MariaDB 10 GTID Explained
MariaDB replication in general works as follows: on a master server, all updates to the database are written into the binary log as binlog events, a slave server connects to the master and reads the binlog events and applies the events locally to replicate the same changes as done on the master. A server can be both a master and a slave at the same time, it is thus possible for binlog events to replicated through multiple levels of servers. A slave server keeps track of the position in the master's binlog of the last event applied on the slave (this allows the slave server to re-connect and resume from where it left off after replication has been temporarily stopped). Since version 10.0.2, MariaDB supports Global Transaction IDs for replication and this is automatically enabled. A Global Transaction ID, or GTID, consists of three numbers separated with dashes '-': the first number 0 is the domain ID, which is specific for global transaction ID, the second number is the server ID (the same used in old-style replication), the third number is the sequence number.

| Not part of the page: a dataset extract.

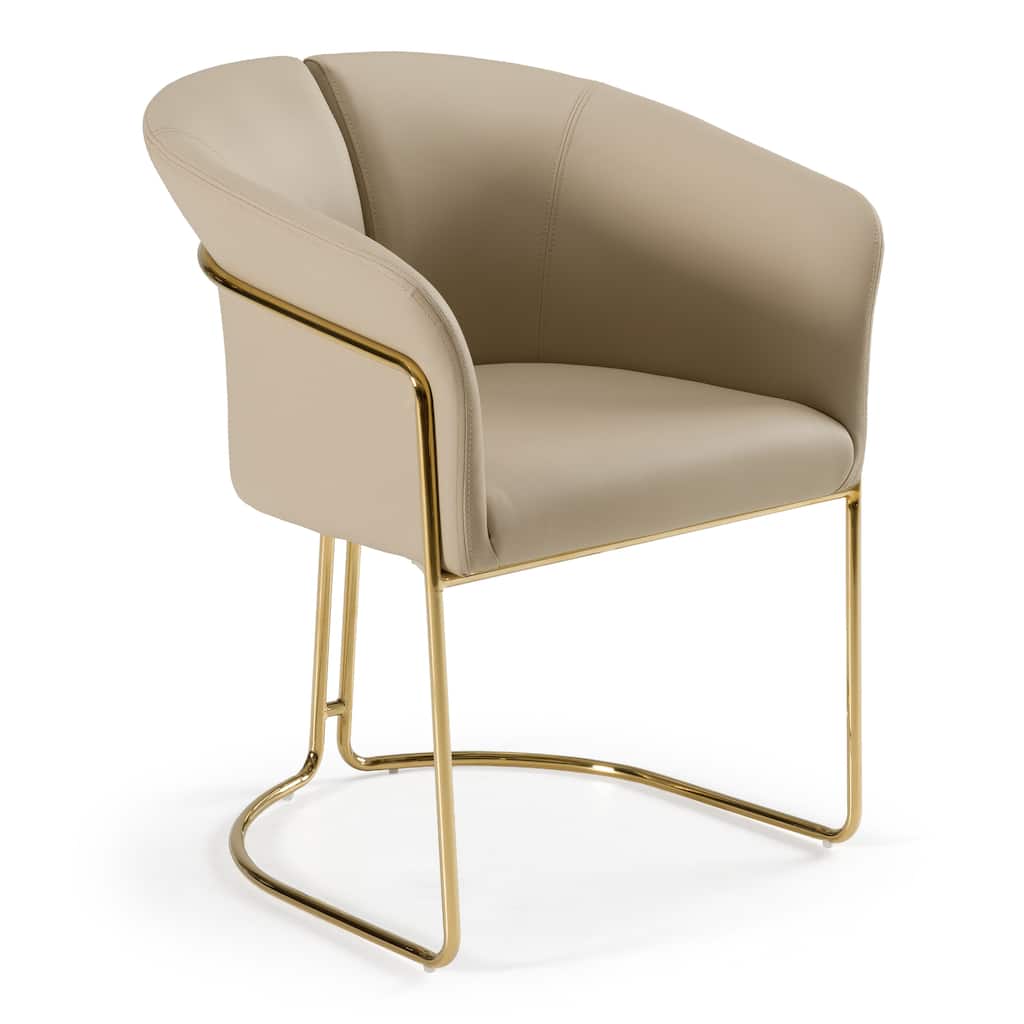 Modrest Renfew Modern Beige Vegan Leather & Champagne Gold Dining Chair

The Global Transaction ID introduces a new event attached to each event group in the binlog (an event group is a collection of events that are always applied as a unit): as an event group is replicated from master server to slave server, the global transaction ID is preserved. Since the ID is globally unique across the entire group of servers, this makes it easy to uniquely identify the same binlog events on different servers that replicate each other. (this was not easily possible before MariaDB 10.0.2).
The Domain ID
When events are replicated from a master server to a slave server, the events are always logged into the slave's binlog in the same order that they were read from the master's binlog. The slave to keep track of its current position in the replication uses this consistent binlog order. Basically, the slave remembers the GTID of the last event group replicated from the master. When reconnecting to a master, whether the same one or a new one, it sends this GTID position to the master, the master starts sending events from the first event after the corresponding event group. If user updates are done independently on multiple servers at the same time, then in general it is not possible for binlog order to be identical across all servers. This can happen when using MariaDB 10 multi-source replication, with multi-master ring topologies or if manual updates are done on a slave that is replicating from active master. If the binlog order is different on the new master from the order on the old master, then it is not sufficient for the slave to keep track of a single GTID to completely record the current state. The domain ID, the first component of the GTID, is used to handle this situation.
The Server ID
The server ID is set to the server ID of the server where the event group is first logged into the binlog. The sequence number is increased on a server for every event group logged. Since server IDs must be unique for every server, this makes the server_id-sequence_number pair, and hence the whole GTID, globally unique.
Benefits of the GTID
It has become easy to change a slave server to connect to and replicate from a different master server. The slave remembers the GTID of the last event group applied from the old master. It is than easy to know where to resume replication on the new master, since the GTIDs are know throughout the entire replication hierarchy. When using old-style replication the slave knows only the specific file name and offset of the old master server of the last event applied and there is no simple way to guess from this the correct file name and offset on a new master.
Crash Safe Slave
The state of the slave is recorded in a crash-safe way. The slave keeps track of its current position (the GTID of the last transaction applied) in a system InnoDB table mysql.gtid_slave_pos. Updates to the state are done in the same transaction as the updates to the data. This makes the state crash-safe: if the slave server crashes, crash recovery on restart will make sure that the recorded replication position matches what changes were actually replicated. For old-style replication, the state is recorded in a file relay-log.info, which is updated independently of the actual data changes and can easily get out of sync if the slave server crashes.
Setting up a new slave:
SET GLOBAL GTID_SLAVE_POS = BINLOG_GTID_POS("master-bin.00024", 1600); CHANGE MASTER TO master_host="10.2.3.4", master_use_gtid=slave_pos; START SLAVE;
Switch a slave to use GTID
STOP SLAVE; CHANGE MASTER TO master_use_gtid=current_pos; START SLAVE;
STOP SLAVE; CHANGE MASTER TO master_host="10.2.3.5"; START SLAVE;